Comment un attaquant doté d’un tel talent a-t-il pu passer de l’un des meilleurs championnats du monde à l’échelon le plus bas du hockey valaisan? Tout cela, en à peine plus de 10 ans? «Les blessures, les mauvais contrats ou encore la perte progressive de motivation. C’est un ensemble de facteurs», résume-t-il. Il ajoute avec le sourire qui le caractérise: «Si je vous détaille tout cela dans l’ordre chronologique, ça sera plus simple.»

Des débuts prometteurs en KHL

Tout commence donc à Nitra, en Slovaquie. Richard Mraz figure parmi les plus sûrs espoirs de son pays et participe au Mondial M18 en 2011 (4 matches, 0 point). Afin de parfaire son développement, il signe un contrat avec le Lev Poprad, la formation slovaque évoluant en KHL. «J’ai commencé dans le club ferme et j’ai été rappelé à la fin du mois de janvier 2012.» Cette promotion intervient quelques semaines après un championnat du monde M20 où il a brillé (6 matches, 5 points).

«Quand on m’a dit que je risquais de rester paralysé ou de devenir aveugle, j’ai pleuré comme un petit enfant.»

Richard Mraz

«J’ai effectué des bons débuts en KHL puisque j’ai fait deux assists en trois matches. J’ai ressenti une immense fierté. Lors de la troisième partie à Moscou, contre le Spartak, j’ai été touché au ventre lors d’un contact. J’ai eu mal, mais je me suis dit que c’était normal et que ça allait passer.» Ce n’était en réalité que le début des problèmes.

Tout proche de la mort

Le coup lui avait en fait déchiré la rate et celle-ci saignait intérieurement. Il passera deux semaines à l’hôpital en Russie à 40 de fièvre avant d’être rapatrié en Slovaquie sans connaître le mal qui le frappe. Après trois semaines d’examens complémentaires, les médecins trouvent enfin une réponse, il souffre d’une hypertrophie de la rate et d’un empoisonnement du sang.

«Quand on m’a dit que je risquais de rester paralysé ou de devenir aveugle, j’ai pleuré comme un petit enfant, se souvient-il. On a dû m’opérer l’après-midi même parce que la situation était critique.»

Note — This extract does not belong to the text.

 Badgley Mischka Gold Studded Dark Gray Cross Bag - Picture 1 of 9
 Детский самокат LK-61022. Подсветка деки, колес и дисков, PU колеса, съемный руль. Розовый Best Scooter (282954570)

Et le pire a été évité de justesse. Pendant l’opération, lorsque le médecin déconnecte la rate du dernier vaisseau sanguin, celui-ci lui explose entre les mains. «Si cette mésaventure s’était produite deux minutes avant, je ne serais plus de ce monde.»

Après sa grave blessure, Richard Mraz (en blanc), ici lors d’un match de préparation en août 2013, a disputé huit nouveaux matches de KHL avec le Slovan Bratislava.

Après sa grave blessure, Richard Mraz (en blanc), ici lors d’un match de préparation en août 2013, a disputé huit nouveaux matches de KHL avec le Slovan Bratislava.

imago sportfotodienst

Passé tout proche de la mort, Richard Mraz ne perd pas espoir de faire une carrière, malgré 25 kilos en moins. Il se retape et file au Canada pour jouer en Ligue junior de l’Ontario (OHL) avec les Ottawa 67’s (8 matches, 1 but en 2012-2013).

Deux autres graves blessures le couperont dans son élan. C’est d’abord une opération de l’épaule qui le prive de quatre mois de compétition après le Mondial M20 (6 matches, 4 points) 2012-2013. Il s’engage au Slovan Bratislava (KHL) après cette absence, sans réussir à s’y imposer.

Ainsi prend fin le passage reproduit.